Nocebo, Somatisation, and Physiological Sensitivity

Why your body’s response is real, even when the trigger isn’t what it seems

In clinical practice, there is a recurring and often misunderstood pattern: patients experience very real, sometimes debilitating symptoms, yet investigations are normal, treatments are poorly tolerated, and symptoms fluctuate in ways that seem disproportionate or unpredictable.

This is not imagined. It is not “just psychological.”
It is a complex interaction between the brain, body, and expectations.

Three concepts help us understand this: the nocebo effect, somatisation, and physiological sensitivity. When brought together, they offer a powerful, compassionate, and evidence-based framework for understanding symptoms that don’t fit neatly into traditional biomedical models.

The nocebo effect: when expectation shapes physiology

Most people are familiar with the placebo effect, where positive expectations improve outcomes. The nocebo effect is its counterpart: negative expectations leading to worse symptoms or side effects.

This is not hypothetical. It is reproducible, measurable, and clinically significant.

A large systematic review found that nocebo effects can be reliably induced across a wide range of physical symptoms, including pain, nausea, and fatigue . Another meta-analysis demonstrated moderate to large effect sizes, meaning the impact is not trivial .

At a physiological level, nocebo responses are not “just thoughts.” They involve:

• Activation of pain pathways

• Changes in autonomic nervous system responses (heart rate, skin conductance)

• Neurochemical shifts linked to stress and anticipation

Experimental studies show that negative expectations can directly amplify pain-related physiological responses, not just subjective perception .

In simple terms:
What the brain predicts, the body begins to experience.

How nocebo responses are learned

Nocebo effects do not arise randomly. They are learned through multiple pathways:

1. Verbal suggestion

Being told about possible side effects increases the likelihood of experiencing them.
Expectation alone is one of the strongest predictors of symptom development .

2. Conditioning

If a person has previously experienced symptoms in a particular context (for example, medication, hormonal changes, or stress), the brain begins to associate that context with future symptoms.

3. Social learning

Symptoms can be learned by observing others.
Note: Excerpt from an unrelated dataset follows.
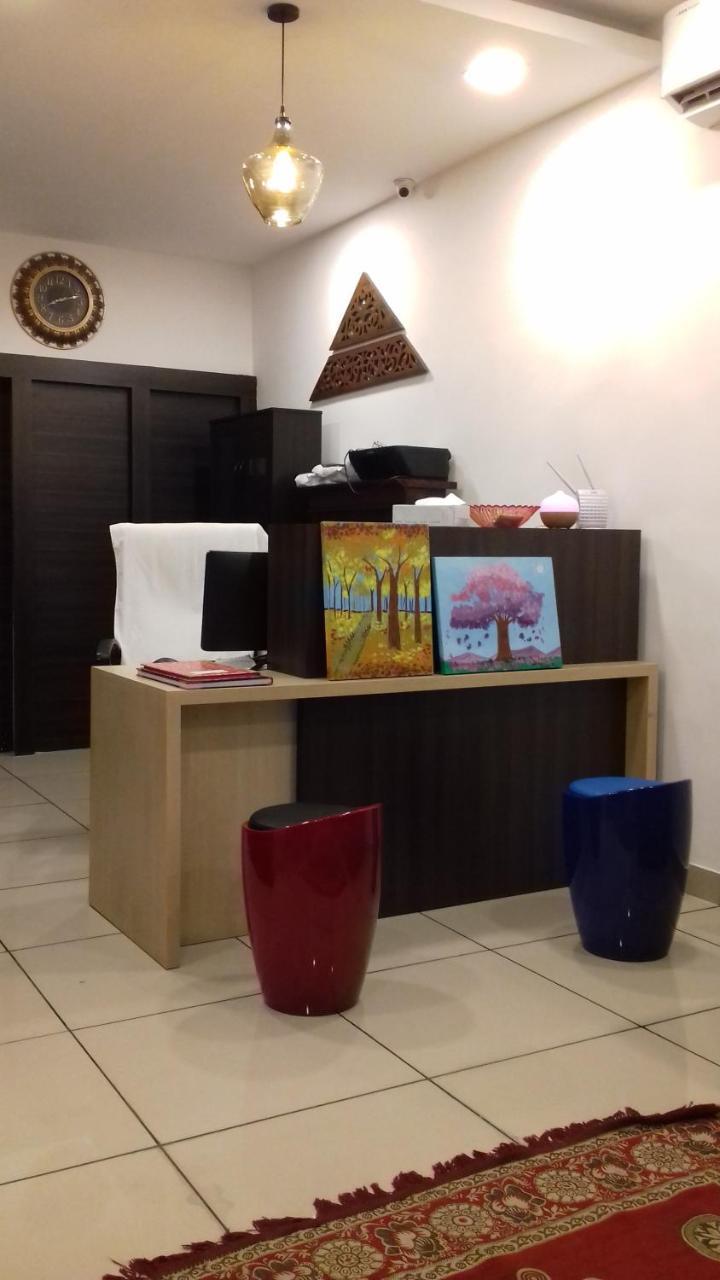 The Metro Pod - Backpackers A/C Dormitory Kochi Quarto foto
Studies show that watching someone else experience pain can increase your own pain response .

4. Healthcare interactions

Even subtle cues from clinicians, including wording and non-verbal communication, can influence symptom experience.

This matters deeply in women’s health, where many patients have accumulated years of negative or dismissive medical experiences.
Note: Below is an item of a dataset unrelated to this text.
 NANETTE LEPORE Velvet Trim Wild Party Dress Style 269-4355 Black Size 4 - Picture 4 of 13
Somatisation: when the body expresses distress

Somatisation refers to the expression of psychological or emotional distress through physical symptoms.
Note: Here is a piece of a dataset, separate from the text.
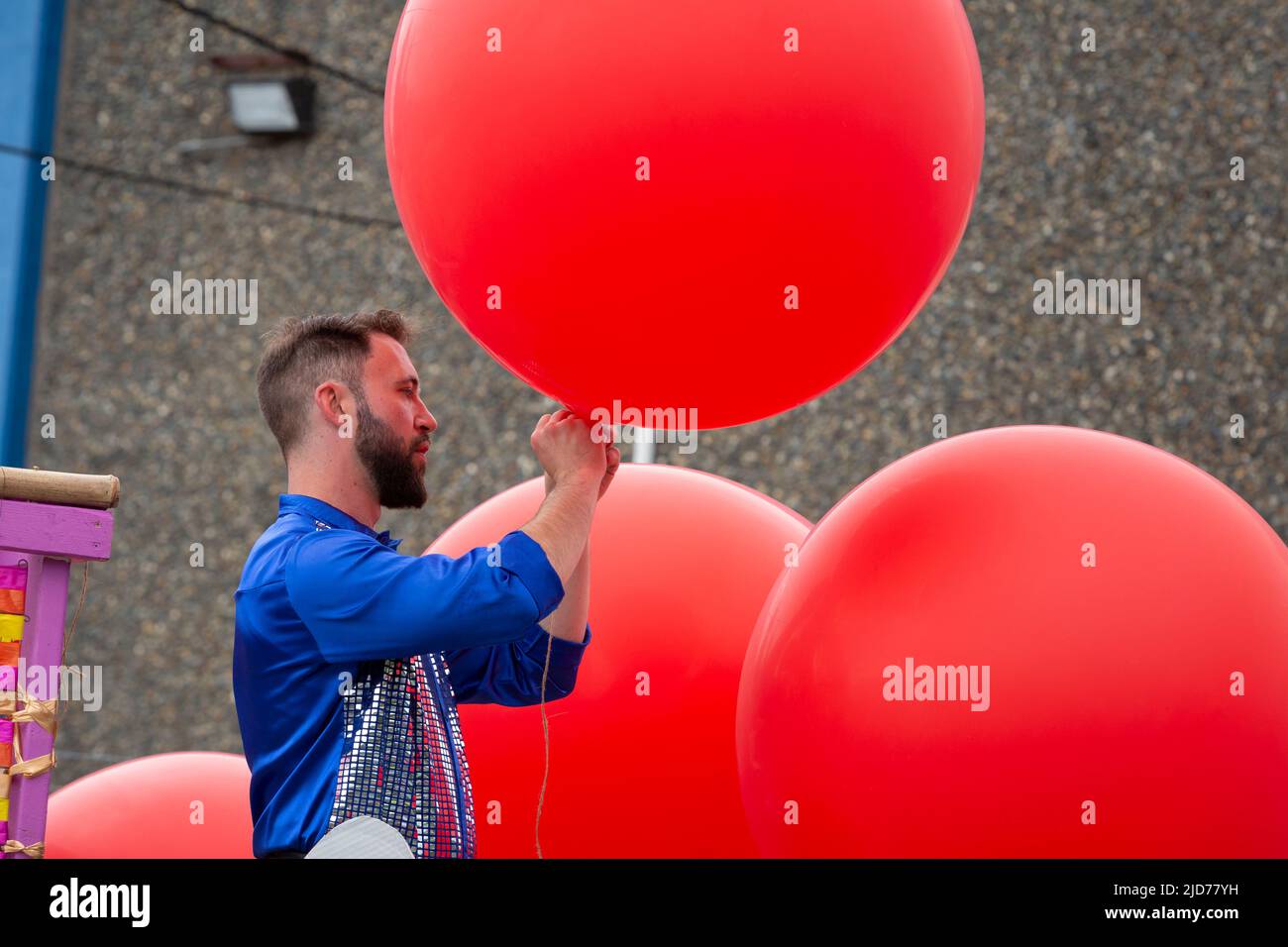 Seattle, Washington, USA. 18th June, 2022. Keith Neale inflates helium ...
This does not mean symptoms are “caused by the mind” in a simplistic sense. Rather, it reflects how closely integrated emotional and physiological systems are.

The brain continuously interprets signals from the body and the environment. When this system becomes sensitised, it can:

• Amplify normal bodily sensations

• Misinterpret benign signals as threatening

• Generate real physical symptoms in the absence of structural disease

Importantly, somatisation exists on a spectrum. Many patients with conditions like:

• PMS and PMDD

• Perimenopause

• IBS

• Chronic pain

• Functional neurological symptoms

have overlapping features of central sensitisation and somatic amplification.

Physiological sensitivity: a heightened nervous system

Some individuals are more biologically sensitive to internal and external stimuli. This is sometimes described as:

• Central sensitisation

• Interoceptive sensitivity

• Nervous system dysregulation

In these individuals, the threshold for symptom generation is lower.

Research suggests that:

• Negative expectations amplify sensory perception, especially pain and itch

• Anxiety is associated with stronger nocebo responses

• Prior experiences and symptom history increase susceptibility

This creates a feedback loop:

Sensitivity → expectation → symptom → reinforcement → increased sensitivity

Over time, this loop can become deeply ingrained.

Why this matters in clinical practice

Understanding this triad changes how we interpret several common scenarios:

1. “I react badly to everything”

Patients who report multiple medication intolerances are often experiencing nocebo-driven physiological responses, not pharmacological toxicity.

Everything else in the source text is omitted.